§ Data for analysis:
====================

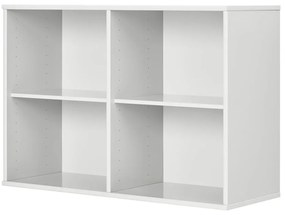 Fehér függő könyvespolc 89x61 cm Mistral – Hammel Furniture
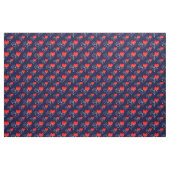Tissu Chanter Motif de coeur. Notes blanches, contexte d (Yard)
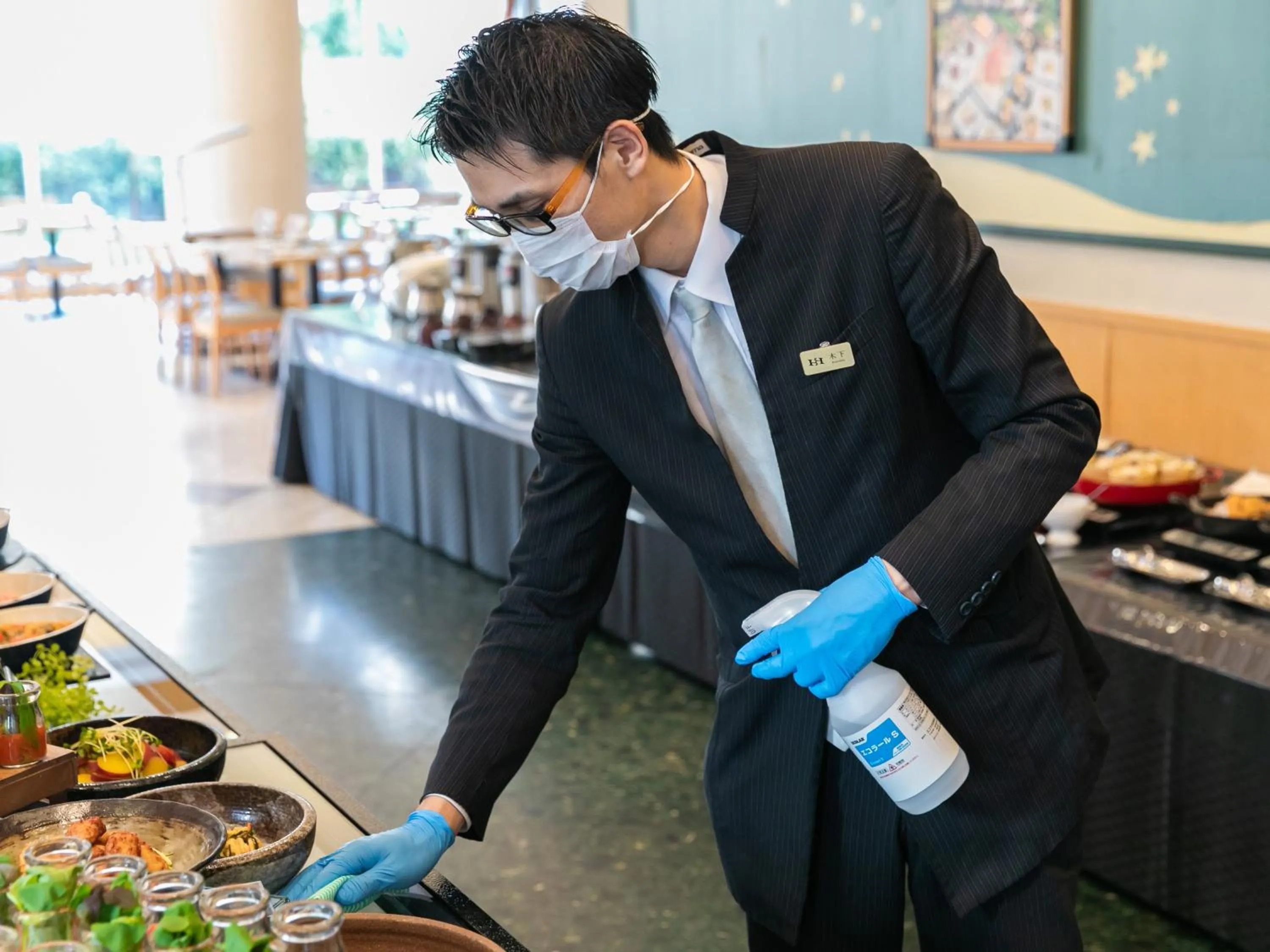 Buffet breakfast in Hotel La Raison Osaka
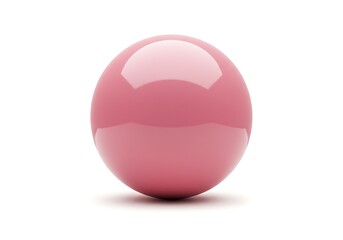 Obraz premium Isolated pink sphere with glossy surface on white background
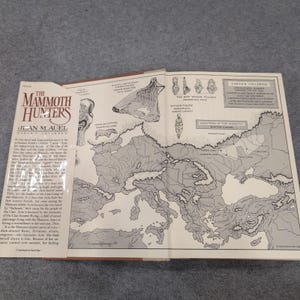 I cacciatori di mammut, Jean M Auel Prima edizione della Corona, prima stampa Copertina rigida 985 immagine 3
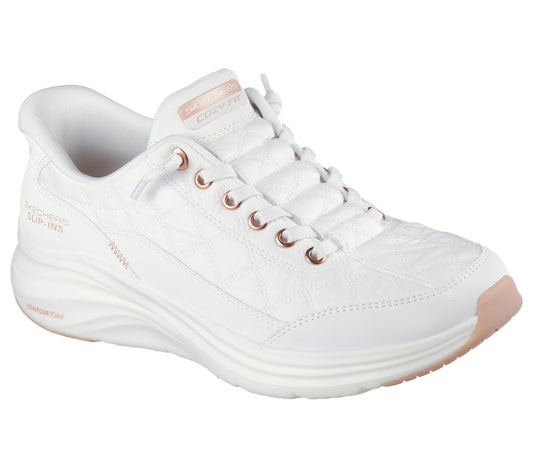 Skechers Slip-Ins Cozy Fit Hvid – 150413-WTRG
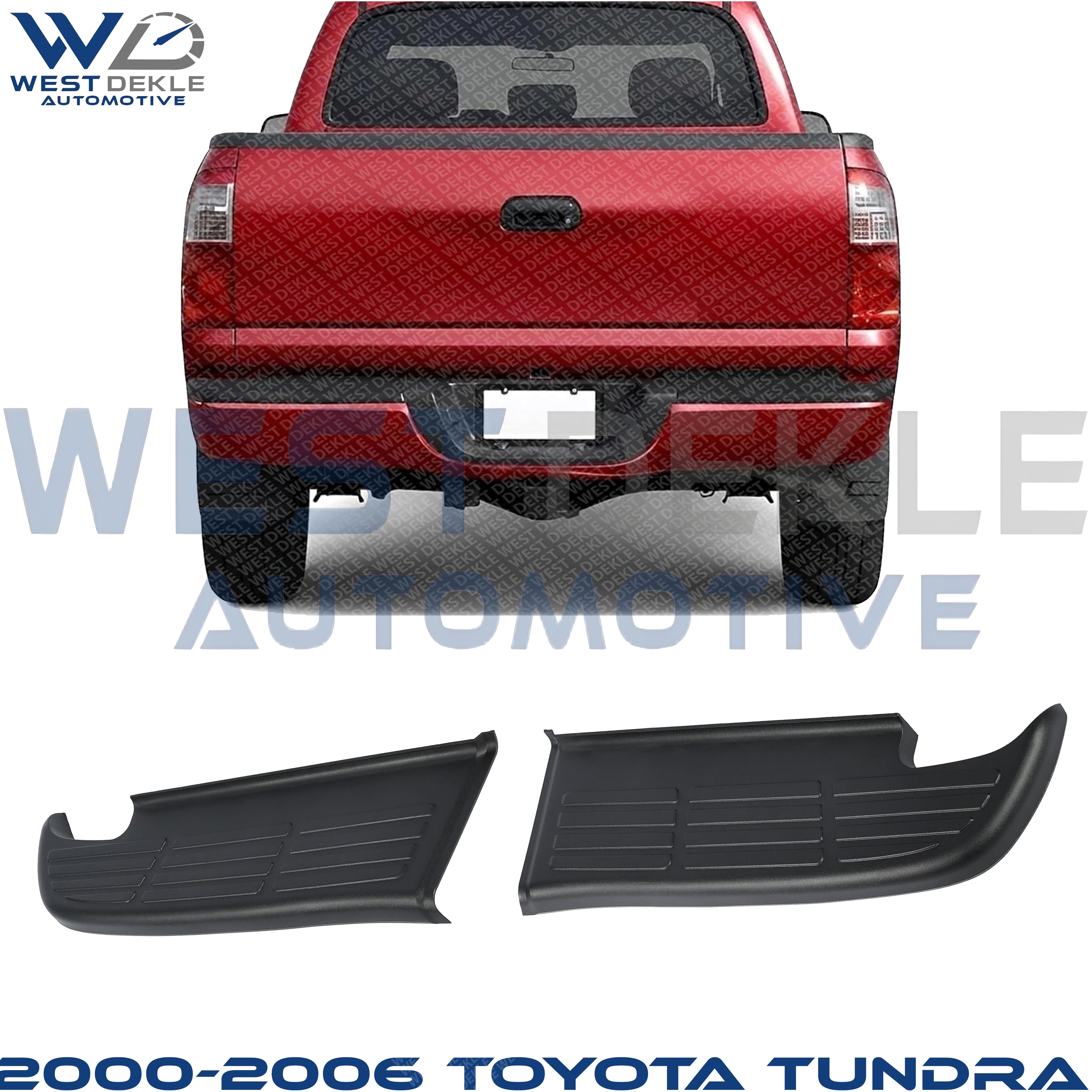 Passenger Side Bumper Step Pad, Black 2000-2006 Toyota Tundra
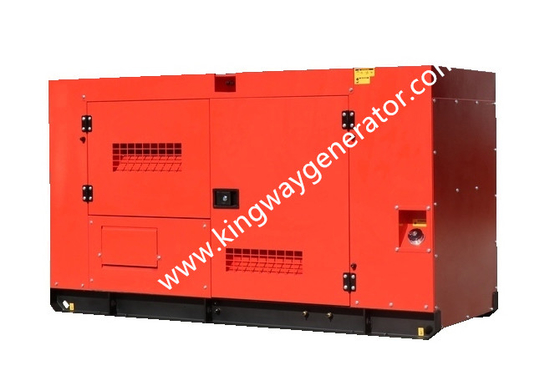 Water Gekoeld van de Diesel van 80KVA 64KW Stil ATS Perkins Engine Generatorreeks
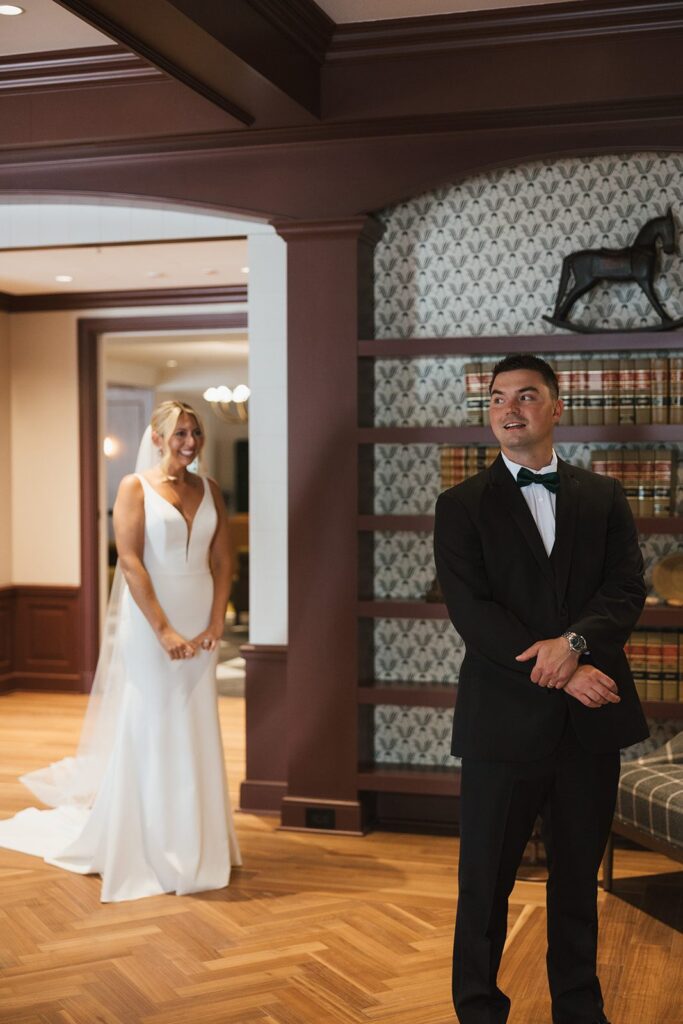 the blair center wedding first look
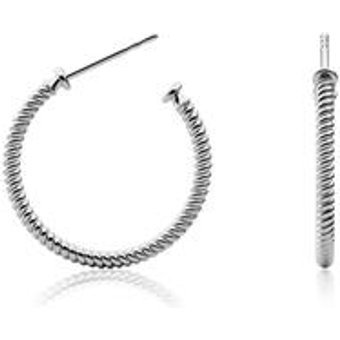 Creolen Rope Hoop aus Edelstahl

====================

§ What you need to do:
Write out the line that contains "I cacciatori di" and every line after it to the end of the data, exactly as they stand. Omit the pictures.

§ Exercise result:
 I cacciatori di mammut, Jean M Auel Prima edizione della Corona, prima stampa Copertina rigida 985 immagine 3
 Skechers Slip-Ins Cozy Fit Hvid – 150413-WTRG
 Passenger Side Bumper Step Pad, Black 2000-2006 Toyota Tundra
 Water Gekoeld van de Diesel van 80KVA 64KW Stil ATS Perkins Engine Generatorreeks
 the blair center wedding first look
 Creolen Rope Hoop aus Edelstahl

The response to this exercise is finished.